“To keep going our present ideal of an industrial plutocracy we must continue to have war. We have to keep scaring the sheep. A politician today is that man among men who can scare them the worst and huddle them the fastest and the most, managing that way to get almost anything out of them.” -Frank Lloyd Wright in a speech given May 20, 1949 in Biloxi, MS
I periodically like to review the nation’s military history. To do the same, here’s a list of our wars and conflicts. It’s a lonnnnnnggggg list, and growing longer by the day.
People say we need to remove the money from politics. While that’s true, it seems more accurate to say we need to remove the profit from war. If we could manage that, many of our domestic ills could then be addressed. But the reality is we won’t manage it without a complete realignment of our priorities, and the structures that support them.

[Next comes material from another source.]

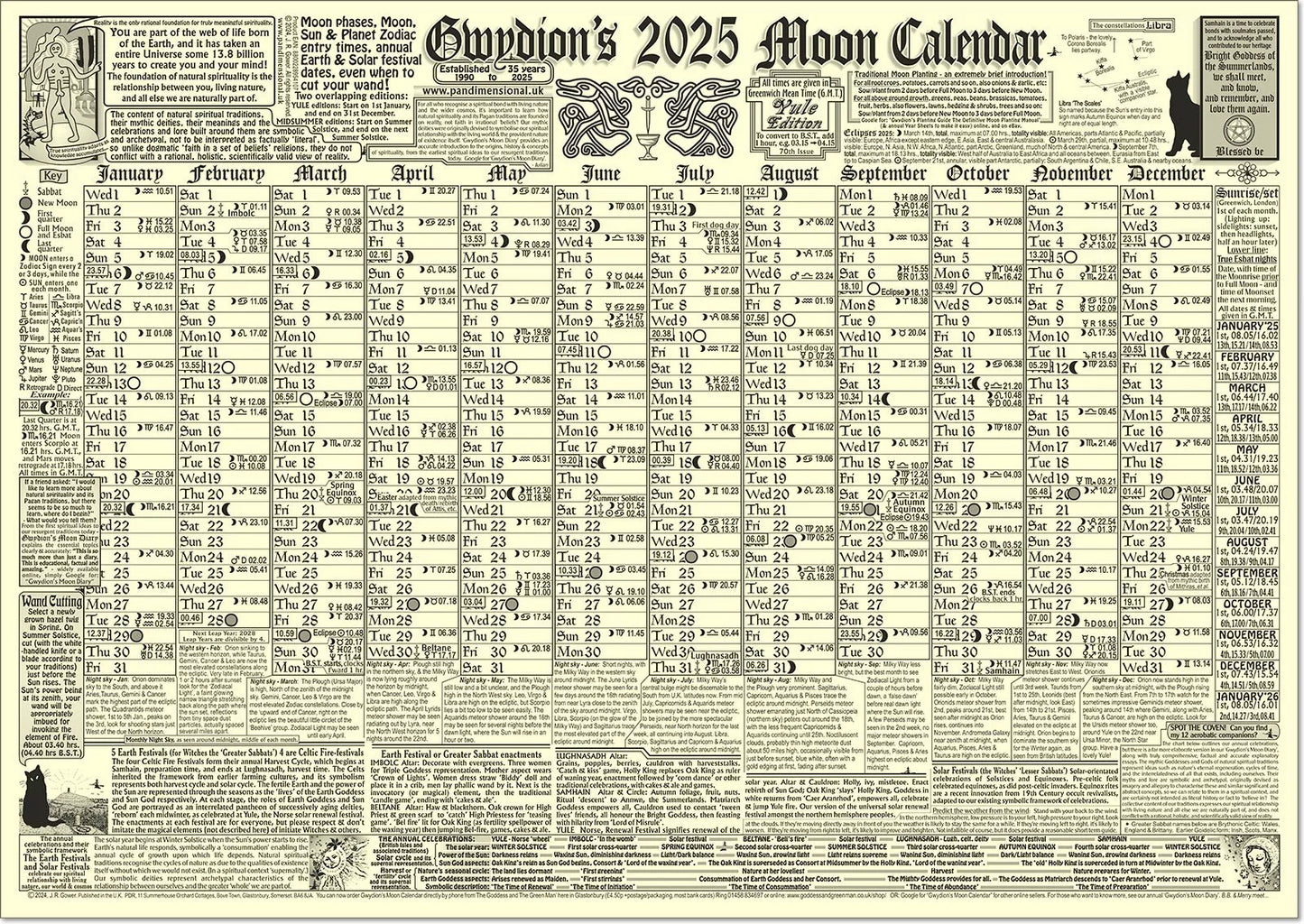 Gwydion’s 2025 Moon Calendar A3 Poster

We like to believe our own rhetoric and refer to ourselves the greatest nation on earth. We’re not. We’re but the latest incarnation of imperial greed, bound to fail as Britian, France, Spain and ancient Rome failed. Imperialism is not a sustainable practice. The aftermath of our pending failure in this endeavor could mean utter darkness, or it could mean a new enlightenment.
People also talk about how we’re in the midst of an internal culture war (and have been for decades). That’s correct. And this internal battle is for our collective soul; therefore, its outcome is imperative to our future as a nation. I believe most Americans are good people, but we’re also an easily confused people with little sense of our own history. To stop the confusion, we need to shut off the TV and read. It may not sound like fun, but knowledge is freedom.
If you’d like to take my word for it and crack an important book, I can think of none better than Howard Zinn’s A People’s History of the United States. Every concerned American can benefit greatly from this book, as it details in plain English what this country is all about.